Exercise prompt -> Extract the full listing verbatim and drop any pictures from your copy.

Supplied information ->

========================

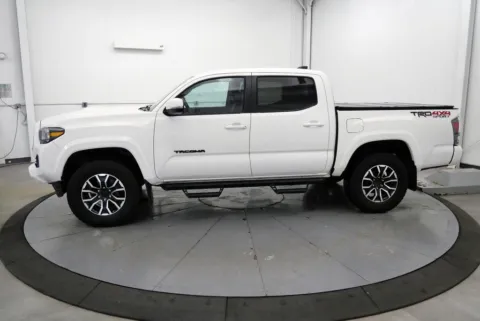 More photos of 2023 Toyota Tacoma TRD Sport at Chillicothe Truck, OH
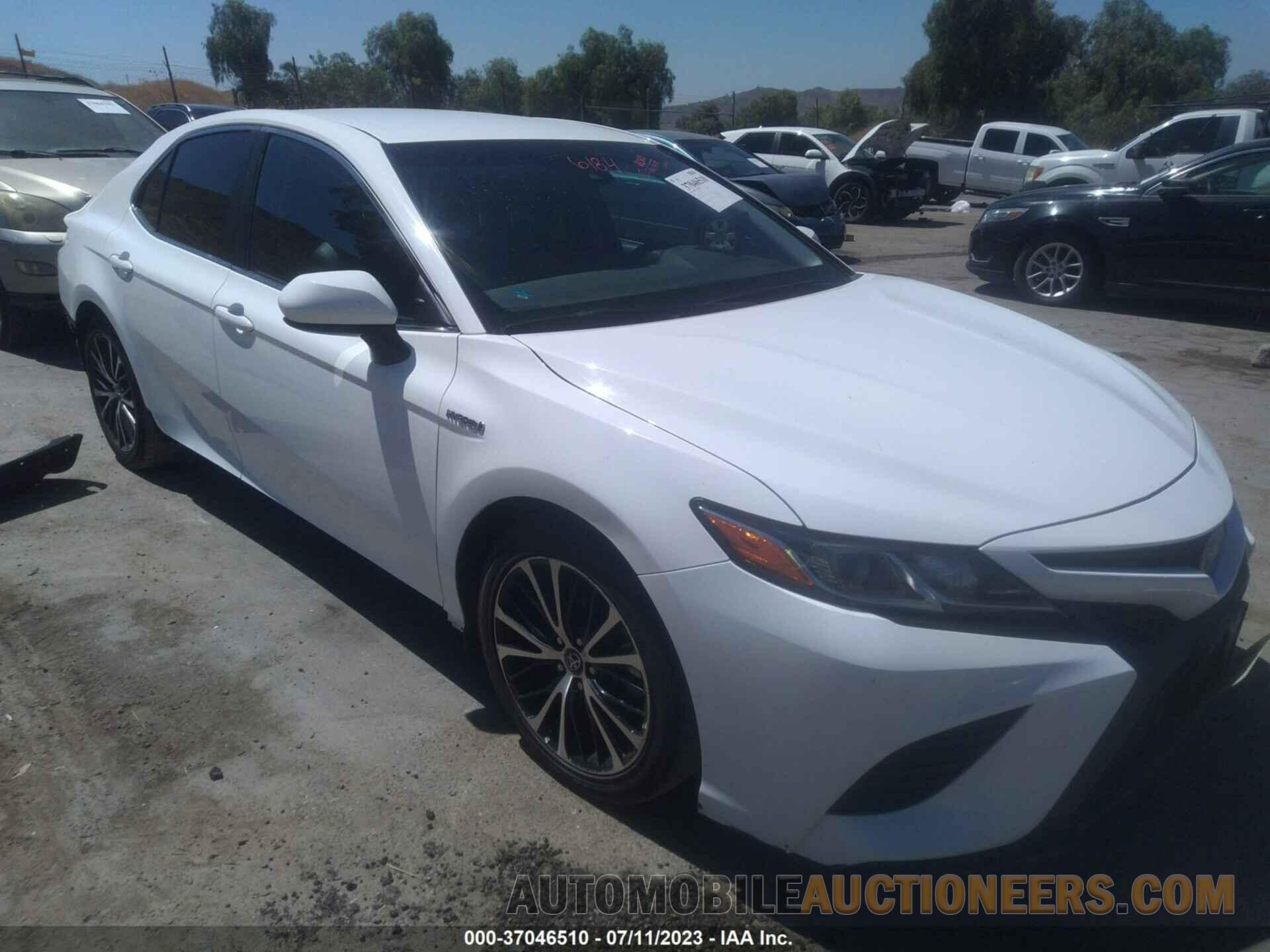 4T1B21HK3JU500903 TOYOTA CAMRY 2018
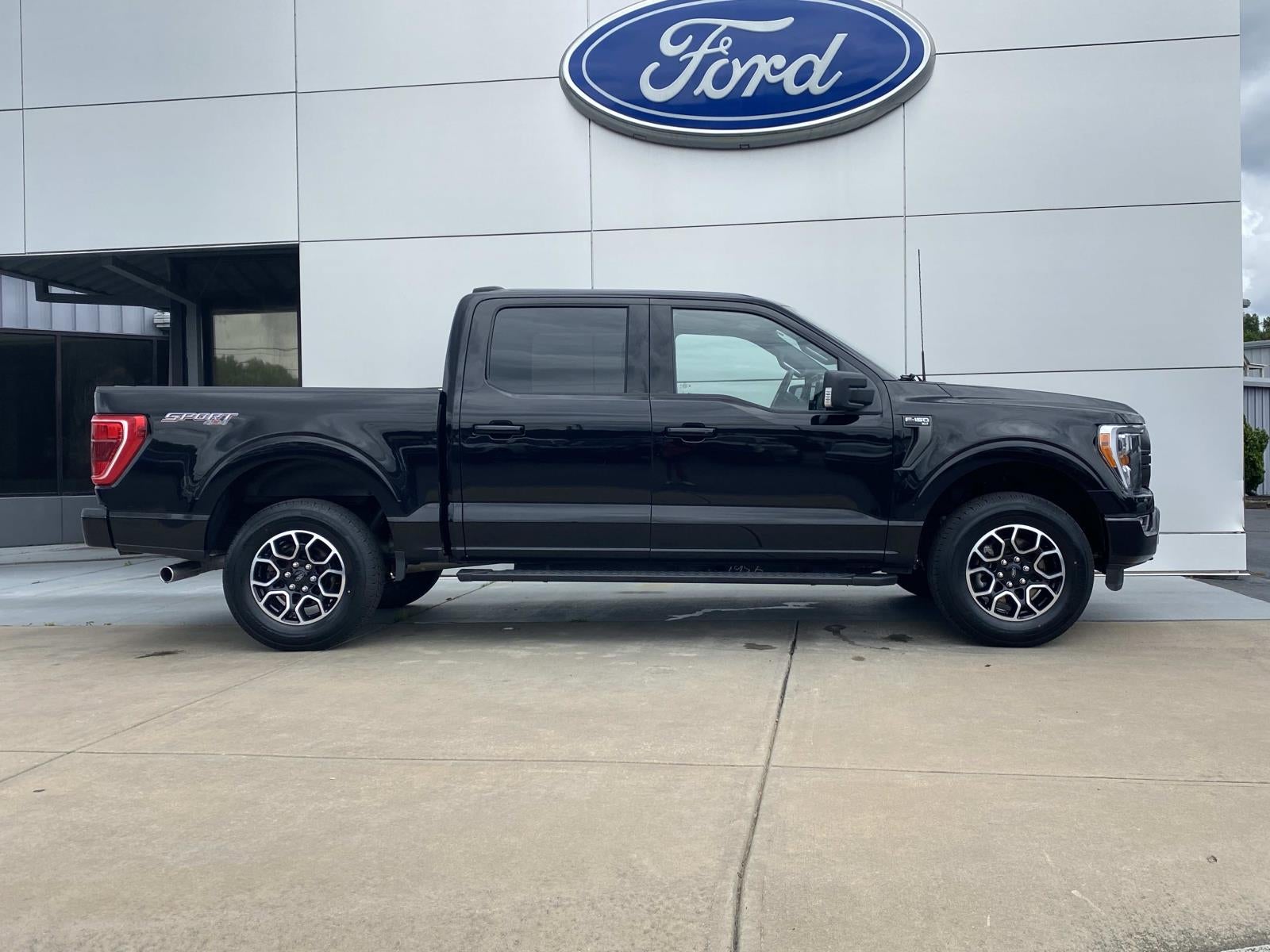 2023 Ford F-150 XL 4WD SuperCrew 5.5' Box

========================

Output below ->
 More photos of 2023 Toyota Tacoma TRD Sport at Chillicothe Truck, OH
 4T1B21HK3JU500903 TOYOTA CAMRY 2018
 2023 Ford F-150 XL 4WD SuperCrew 5.5' Box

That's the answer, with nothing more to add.